SAN ANTONIO, Philippines: US and Philippine troops stormed ashore from the disputed South China Sea on Wednesday for military exercises that President Rodrigo Duterte had promised to scrap, but quietly allowed to carry on.
The decades-old tradition appeared headed for the history books last year as a newly elected Duterte pivoted toward China — and away from long-time Philippine allies the US.
But the number of troops taking part in the drills has increased by a third from last year to 8,000, a return to figures seen in years past when the exercises served as a thinly veiled deterrent to a rising China.
The reason for Duterte’s change of heart on the two-week drills codenamed “Balikatan,” or “Shoulder-to-Shoulder,” may be down to what experts see as careful efforts by the Filipino military to restrain their unpredictable president.
“The fact it’s being done under this administration means they [Duterte’s government] now have a better understanding of the security equation,” political analyst Victor Andres Manhit said.
Though the bulked-up maneuvers — including a live-fire component that was dropped last year — took place on a naval base just 180 kilometers (110 miles) east of the Filipino-claimed Scarborough Shoal that China has controlled since 2012, the drill’s leaders barely mentioned Beijing.
“We are an island nation. That’s why we need to improve our capabilities on amphibious operations,” Maj. Gen. Emmanuel Salamat told reporters.
“We’re not concerned about Scarborough. We’re concerned about what we’re doing here.”

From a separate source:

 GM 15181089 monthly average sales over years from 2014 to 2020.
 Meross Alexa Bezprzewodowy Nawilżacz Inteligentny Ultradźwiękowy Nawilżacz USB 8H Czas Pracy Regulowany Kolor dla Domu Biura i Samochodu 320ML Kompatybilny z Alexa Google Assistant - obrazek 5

China claims most of the South China Sea, a strategic waterway believed to harbor significant oil and natural gas deposits, but this was ruled illegal in 2016 after Duterte’s predecessor Benigno Aquino filed suit before an international maritime tribunal.
Duterte has since reversed course and set the ruling aside, along with long-simmering friction over competing claims to the waters, in order to court Chinese trade and investment.
He has also cut two major annual naval exercises with the US and last year reduced the Balikatan contingent to 5,400 US and Filipino troops.
US Marine Lieutenant-Colonel Daniel Gaskell, who took part in the landing exercise Wednesday, sidestepped media questions on Duterte’s anti-US claims.
“We are welcomed here, walking in the airport, throughout your country, [but also] by the Filipino armed forces who we’ve interacted with,” he said.
“So we’re really happy to be here,” Gaskell added.
China a ‘threat’
China remains a ‘threat’ and is capable of delivering a deathblow in the South China Sea (West Philippine Sea), a congressman said on Wednesday.
Rep. Rufino Biazon of Muntinlupa City, vice chairman of the House Committee on National Defense and National Security, made the statement when asked if the Asian superpower could go as far as killing soldiers of other nations in the name of claiming indisputable sovereignty on the islands in the entire South China Sea.
China’s military killed at least 100 Vietnamese soldiers in a standoff in the Paracel Islands in the contested sea in 1974.
Paracel is part of Vietnam’s exclusive economic zone (EEZ) under the United Nations Convention on the Law of the Seas (Unclos).
In 1988, Chinese forces also killed 64 Vietnamese soldiers during a battle in Johnson Reef in the Spratly Islands in the South China Sea.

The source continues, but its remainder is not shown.